(Data entries)
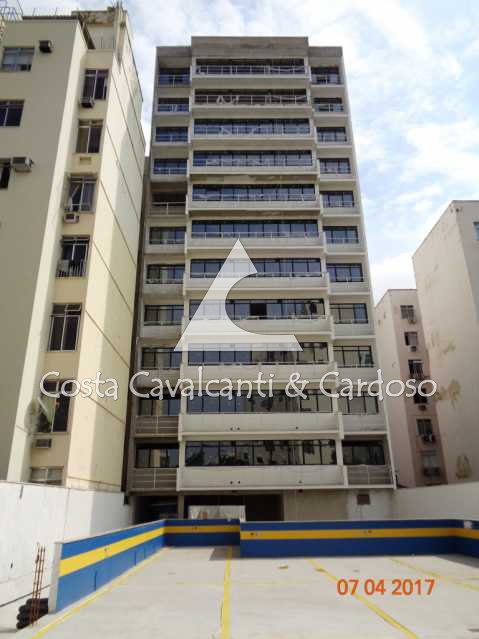 Conheça 3 do imóvel - Sala Comercial Tijuca,Rio de Janeiro,RJ À Venda,25m² - TJSL00013 - 4 3 - Sala Comercial Tijuca,Rio de Janeiro,RJ À Venda,25m² - TJSL00013 - 4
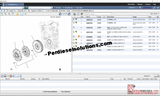 General Motors GMIO EPC 11.2025 Parts Catalog
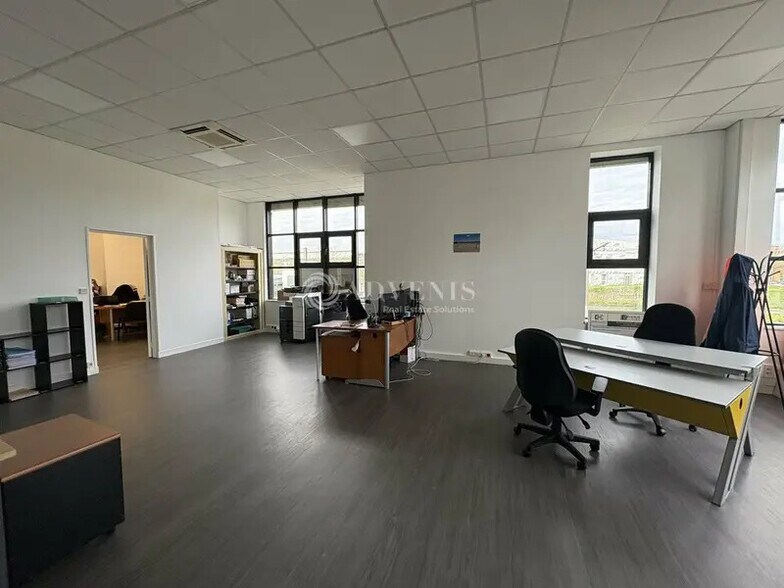 Bureau dans Le Mans à louer - Photo intérieure – Image 1 sur 3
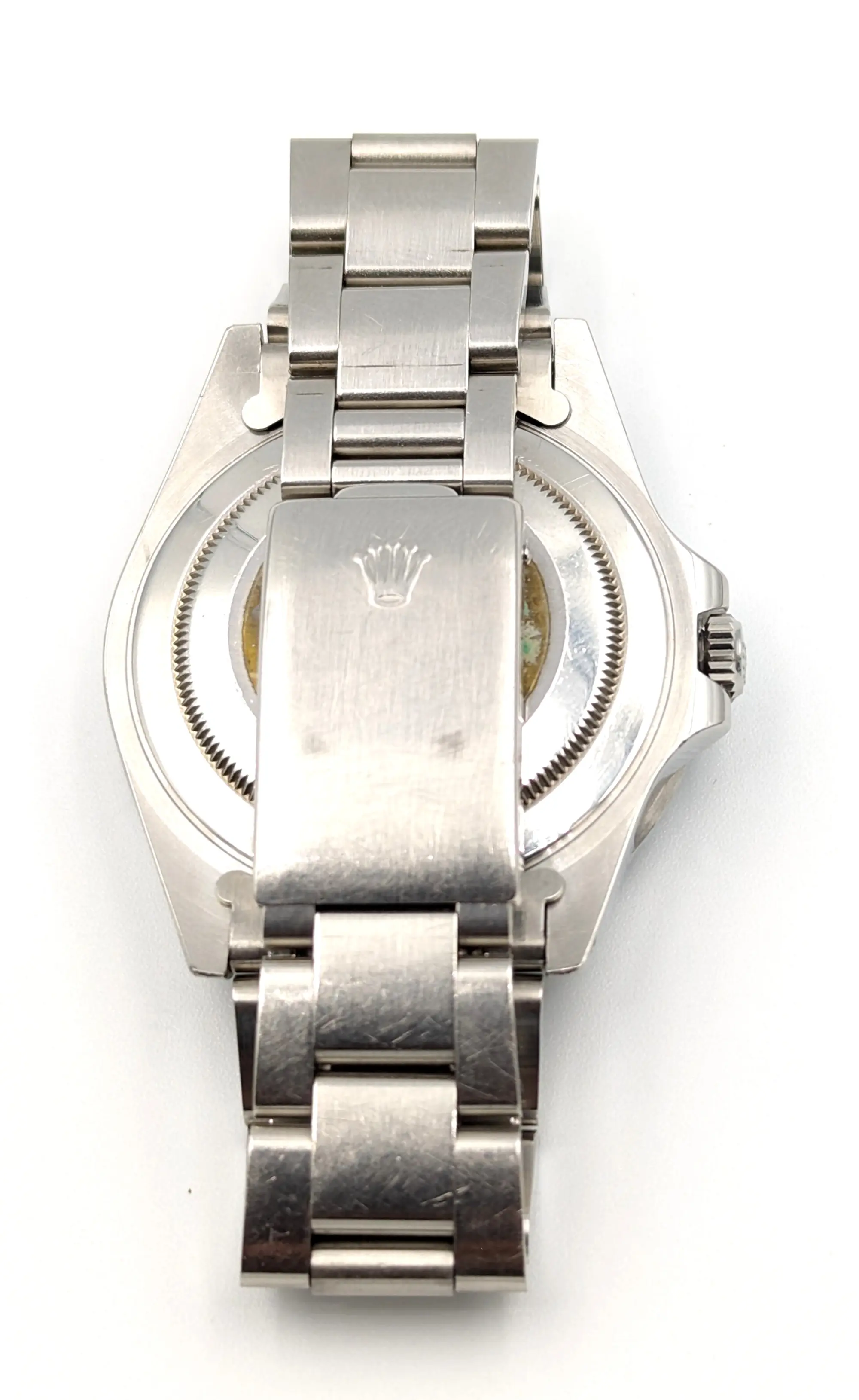 GMT I - Rare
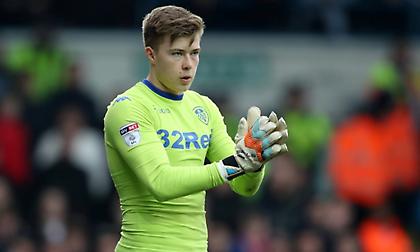 Ετοιμάζεται για Μπέρνλι ο Πίκοκ-Φάρελ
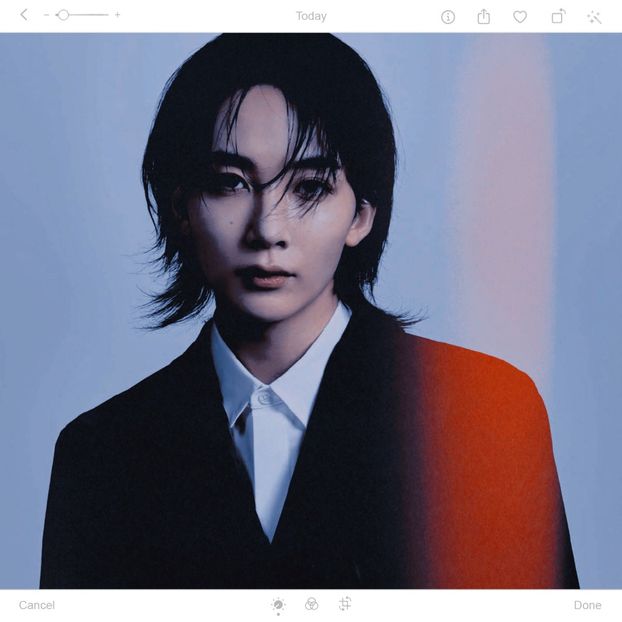 30.07 ⸒⸒ ⠀⠀ʚ⋅ɞ enchant—ing. ✷ tokki. - Confessions IV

## What is expected
Begin at the line that contains "Bureau dans Le" and transcribe exactly, and only, each line through the final line of the data above, both included; the pictures do not go in.

## Solution for this problem
 Bureau dans Le Mans à louer - Photo intérieure – Image 1 sur 3
 GMT I - Rare
 Ετοιμάζεται για Μπέρνλι ο Πίκοκ-Φάρελ
 30.07 ⸒⸒ ⠀⠀ʚ⋅ɞ enchant—ing. ✷ tokki. - Confessions IV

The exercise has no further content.